Coded messages date back to Roman Times and probably existed before.

Sticklers may prefer encyphering an decyphering. reserve decrypt for decoding a message you don't have the key for.

What it means

Types of Encryption

-Symmetric-key

Each computer has a secrte key by which it encrypts and decrypts the data. Only another computer that knows what key was used can decrypt. Problem with key distribution

-Public key - introduced by Whitfield Diffie and Martin Hellman in 1975.

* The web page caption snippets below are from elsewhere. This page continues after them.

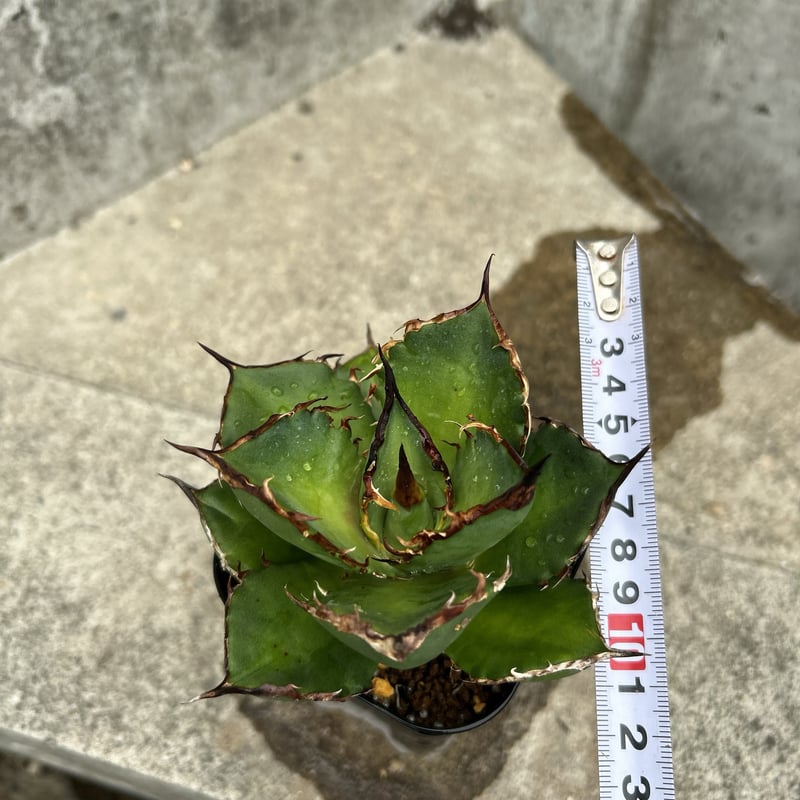 アガベ チタノタ シャークソード 鯊魚剣 鉢付き発送 | blackmonster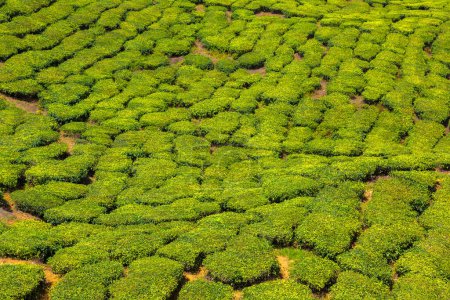 Foto de Vista panorámica de las plantaciones de té en un día soleado - Imagen libre de derechos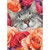 Smiling Gray and White Cat Face Inside Pink and Peach Roses Valentine's Day Card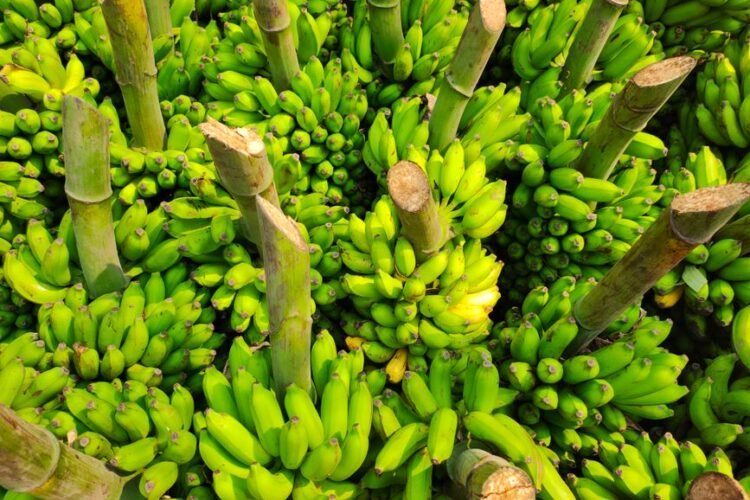 Puerto Rican Green Plantain and Pork Tamales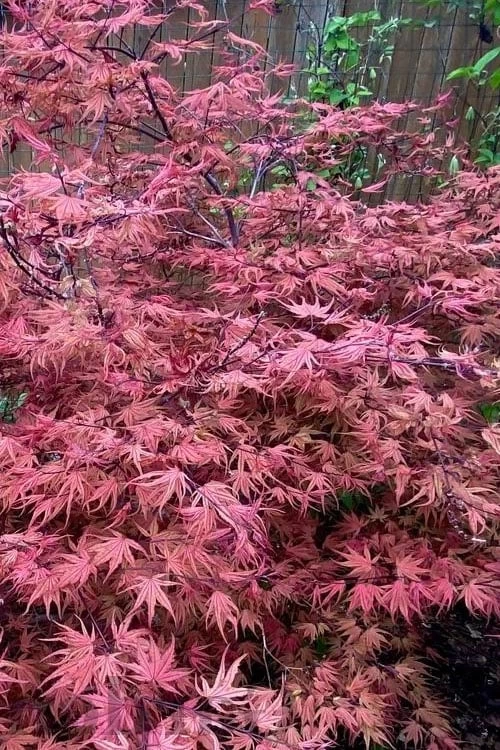 Olsen's Frosted Strawberry Japanese Maple - 3 Gallon Pot 8 Olsen's Frosted Strawberry Japanese Maple - 3 Gallon Pot - Image 6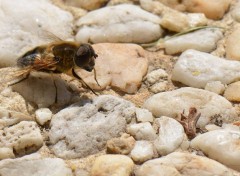  Animaux Gros plan sur une abeille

You publish your public key to the world. This allows for encryption but not decryption. You can't use a public key to decrypt. You keep your own private key secret. This private Key is the pair of your public key. It can decode what is encrypted with your public key. Anyone with your public key can encrypt information so that only you can read it BECAUSE it is not computationally feasible to deduce your private key from your public key. On a large scale a certificate authority can handle the exchange of public keys so computers know they are who they say they are. BUT symmetric key is much faster. PGP combines both methods to make transmission of encrypted data easier.

-Cryptographic algorithm

What the keys above are based on. A value computed from a base input number. Input number (1789) algorithm-- say, Input number X 42. Hash value = 75138. Algorithms are more complex and use large 256-bit numbers. 2^256 power. The larger the number the more secure. Nothing totally secure. The larger the number the longer it will take them to break the encryption. No encryption lasts forver. It depends on time and computing power and computing power is always growing.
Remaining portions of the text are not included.